Sit-in ends, but gun fight to continue

June 24, 2016 GMT


House Democrats ended their sit-in after 25 1/2 hours but pledged to continue for as long as it takes to get votes on expanded gun-purchase background checks and denying guns to those on the government’s terrorism watch list.

Democrats led by civil-rights icon Rep. John Lewis, D-Ga., had promised to hold the House floor until House Speaker Paul Ryan, R-Wis., scheduled the votes, which Ryan refused to do.

After late-night shouting matches between chanting and singing Democrats and angry Republicans, Ryan gaveled through two items of business and adjourned the House until July 5.

Democrats including Rep. Paul Tonko, D-Amsterdam, pledged this was the beginning, not the end, and they would be back.

“I look forward to continuing this fight and crossing the next bridge on the way to fulfilling our responsibility to keep Americans safe,” Tonko said.

On yet another tumultuous day of sharp debate on the gun issue, the Senate on Thursday turned back Republican efforts to kill a bipartisan compromise by Sen. Susan Collins, R-Maine, which would deny guns to anyone on two narrower lists aimed at the worst-of-the-worst, but also would set up court procedures for winning back gun-purchase rights within 14 days.
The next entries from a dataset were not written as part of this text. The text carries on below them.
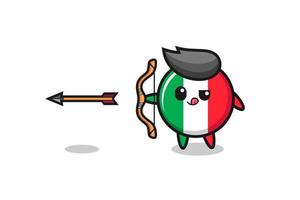 Illustration des italienischen Flaggencharakters, der Bogenschießen macht vektor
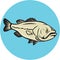 Largemouth Bass Fish Side Circle Cartoon
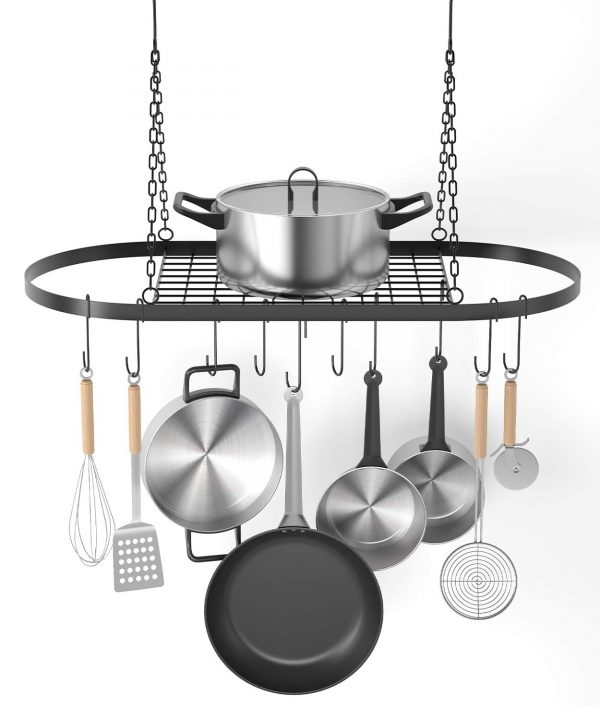 X Home Pot and Pan Rack for Ceiling with Hooks, Decorative Oval Mounted Storage Rack, Multi-Purpose Hanging Hanger Organizer for Home, Restaurant, Kitchen Cookware, Utensils, Books, 32" X 16.5"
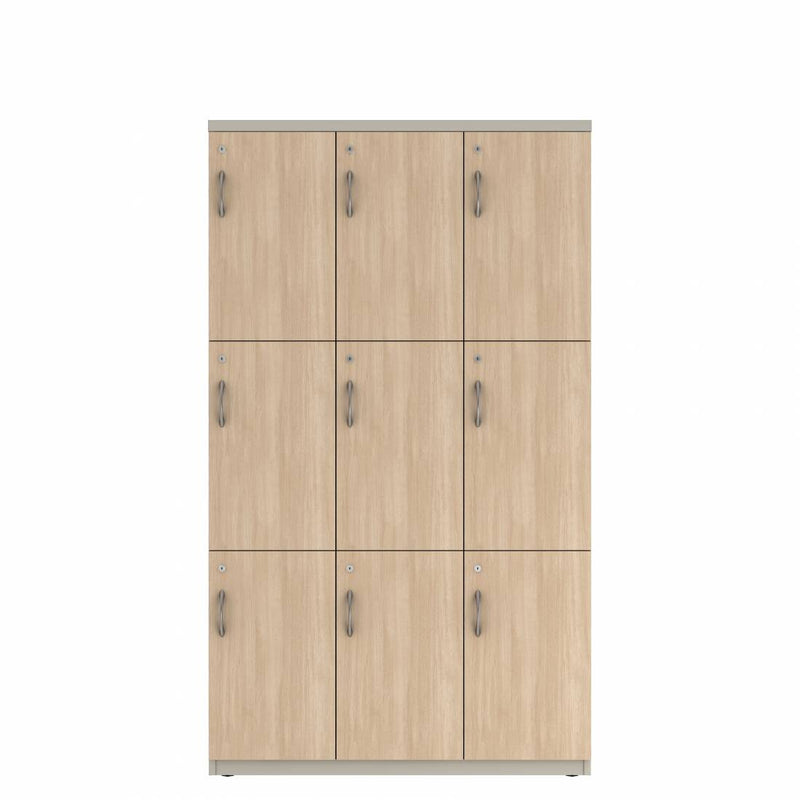 Prime™ 72"H Triple Column Locker, Three Rows, 42"W x 18"D, Laminate Doors - Right Opening
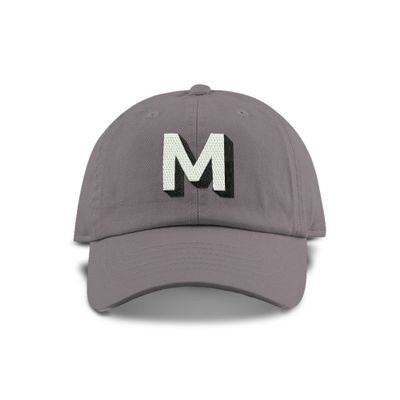 Monogram Initial Modern Shadow Letter Baseball Cap - Toddler, Youth Kids, and Adult Adjustable Grey Hat with White Letter (2-5 Toddler Size, M)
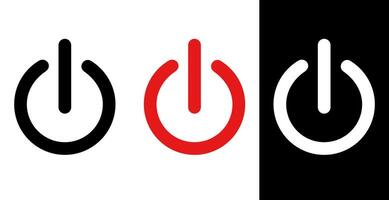 Set of power button on white background. vector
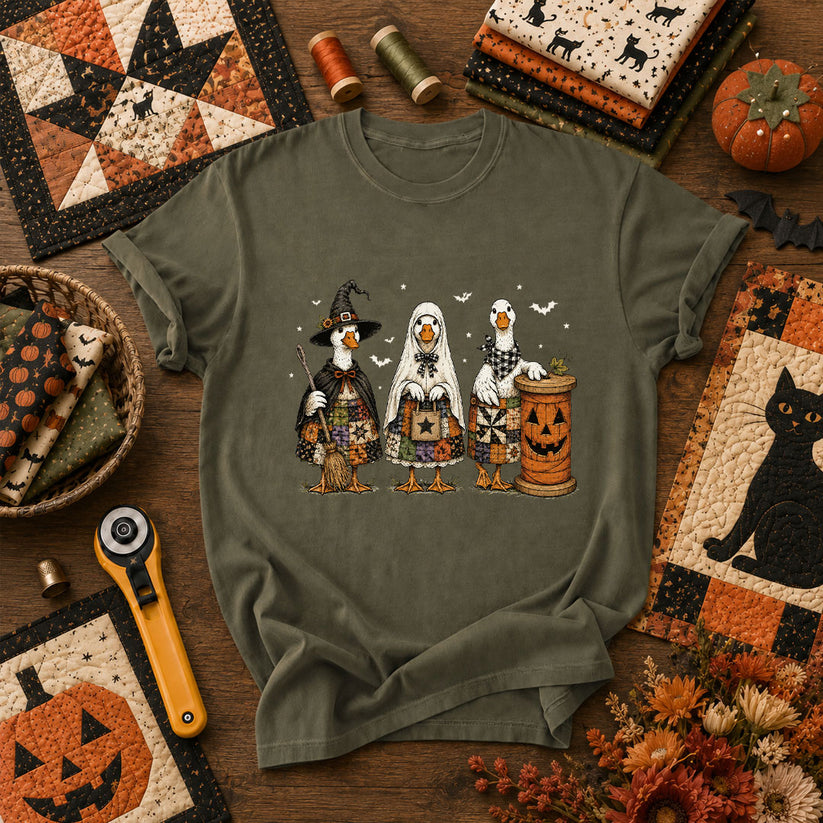 Halloween Quilting Geese Trio Ghost T-Shirt - Military Green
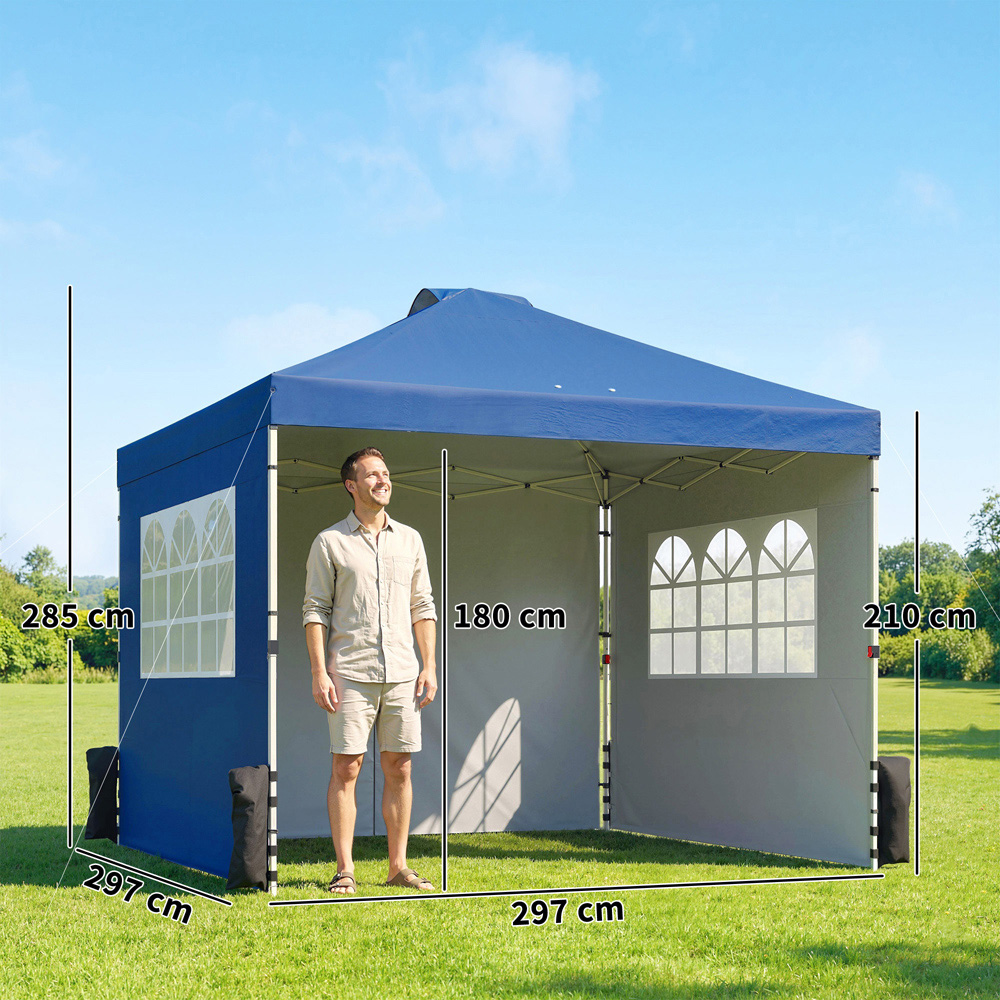 Outsunny 3 x 3m Dark Blue Pop Up Canopy Adjustable Gazebo Image 8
The 52-46 vote to preserve the Collins measure was procedural. Although it won the votes of eight Republicans, including Collins, it fell eight short of the 60 needed to ultimately win final approval.

Nevertheless, Senate Democrats said they felt like progress had been made.

“Now that Senate Republicans’ attempt to bury this amendment has failed, Senate Democrats call on our Republican colleagues to give this proposal a real vote and a chance to become law next week,” said Sen. Charles Schumer, D-N.Y.

Both Schumer and Sen. Kirsten Gillibrand voted against killing — tabling, technically — the Collins proposal.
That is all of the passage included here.